Nussle noted that Congress is empowered to “police itself” but said “the President has taken on the challenge of [eliminating] waste, fraud and abuse and highlighting earmarks and pork-barrel projects.
“We need to highlight these abuses,” Nussle said.
The Heritage Foundation compiled a sample list of the requested earmarks here. Some of the items include a $3 million earmark for the lending program managed by the open border group National Council of La Raza, $1 million for the Clinton School of Public Service in Little Rock Arkansas, and $3.7 million to combat the Formosan Subterranean Termite.
Republican Sen. Ted Stevens (Ala.), who came under fire for a past request of $400 million to fund a “Bridge to Nowhere,” has requested $34 million for the Alaska Native Educational Equity Assistance Program, $7 million for an Arctic Energy Office and $150,000 for rodent control on the Aleutian Islands.

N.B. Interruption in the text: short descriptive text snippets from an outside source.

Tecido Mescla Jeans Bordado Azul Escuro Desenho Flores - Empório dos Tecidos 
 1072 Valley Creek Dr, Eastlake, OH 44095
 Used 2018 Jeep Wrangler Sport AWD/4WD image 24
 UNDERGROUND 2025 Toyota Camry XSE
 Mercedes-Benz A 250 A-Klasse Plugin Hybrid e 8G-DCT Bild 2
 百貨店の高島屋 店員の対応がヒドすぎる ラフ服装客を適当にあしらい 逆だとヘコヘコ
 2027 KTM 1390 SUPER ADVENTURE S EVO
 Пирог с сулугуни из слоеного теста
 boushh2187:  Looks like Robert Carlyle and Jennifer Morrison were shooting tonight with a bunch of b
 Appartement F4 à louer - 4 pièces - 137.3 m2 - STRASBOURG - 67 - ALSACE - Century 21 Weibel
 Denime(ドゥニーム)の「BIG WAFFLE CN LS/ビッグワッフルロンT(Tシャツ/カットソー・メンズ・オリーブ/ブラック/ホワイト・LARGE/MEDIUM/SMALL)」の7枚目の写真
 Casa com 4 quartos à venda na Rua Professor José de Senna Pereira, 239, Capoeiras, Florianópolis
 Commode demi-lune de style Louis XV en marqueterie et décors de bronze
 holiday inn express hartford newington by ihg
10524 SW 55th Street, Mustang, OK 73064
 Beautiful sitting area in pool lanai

Nussle acknowledged getting tough on Republicans could cause heartburn among those who face uphill battles in the coming elections.
As a former Republican member for the left-leaning 1st District in Iowa, Nussle said, “there is a popular belief if you were a vulnerable member--and I was in that category seven of my eight terms, I was always considered vulnerable--one of the things that is often offered to you were opportunities to pass bill on the floor or to have a [pet] project, and it was thought this was a way for you to get some good attention back home, to look like you were effective and to bring home the bacon, so to speak.”
“And I have to tell you that it does in some instances it does work like that,” Nussle said. “But, I would say it’s a waning strategy in terms of its effectiveness. I would say most constituents now are not as impressed by your ability to waste federal dollars then they used to be.”